======== DATA SECTION ========

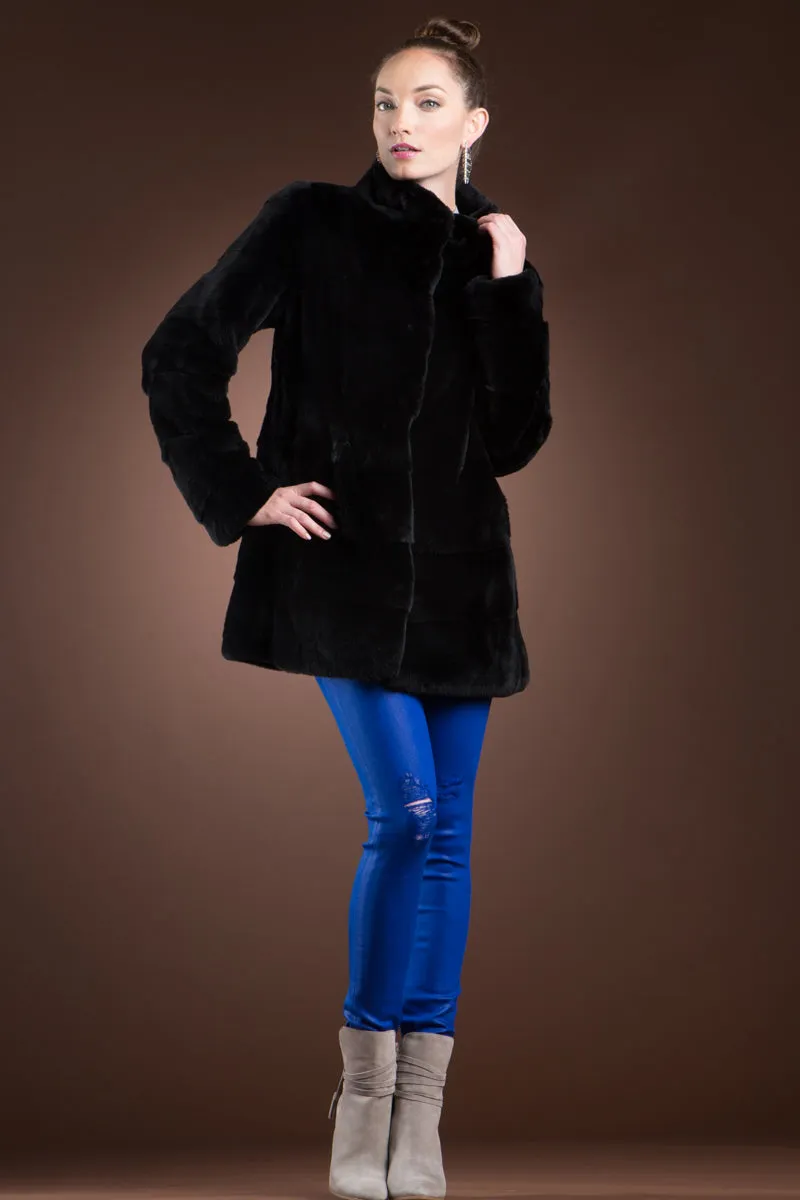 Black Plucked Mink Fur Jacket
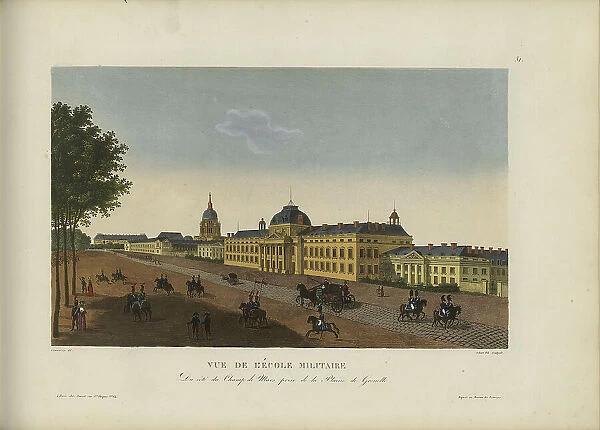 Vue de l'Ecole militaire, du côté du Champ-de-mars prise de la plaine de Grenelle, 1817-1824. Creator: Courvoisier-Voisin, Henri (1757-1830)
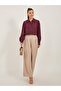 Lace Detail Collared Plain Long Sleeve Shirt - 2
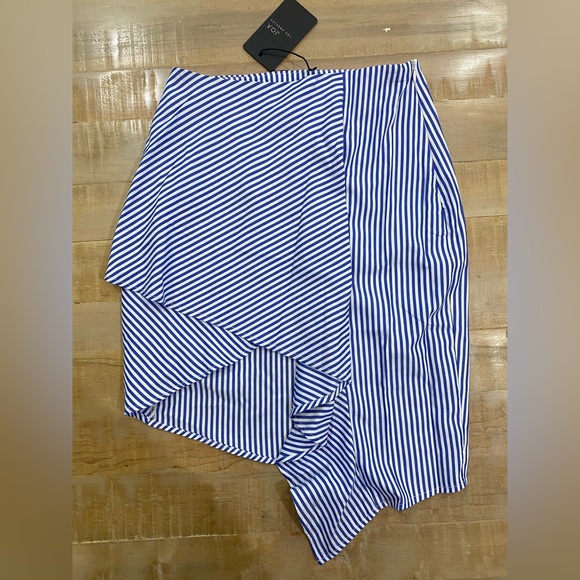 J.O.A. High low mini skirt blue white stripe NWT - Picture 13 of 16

========

■ **PROBLEM TO SOLVE**
Repeat every line of the data exactly, but do not include pictures.

■ **EXPECTED ANSWER**
 Black Plucked Mink Fur Jacket
 Vue de l'Ecole militaire, du côté du Champ-de-mars prise de la plaine de Grenelle, 1817-1824. Creator: Courvoisier-Voisin, Henri (1757-1830)
 Lace Detail Collared Plain Long Sleeve Shirt - 2
 J.O.A. High low mini skirt blue white stripe NWT - Picture 13 of 16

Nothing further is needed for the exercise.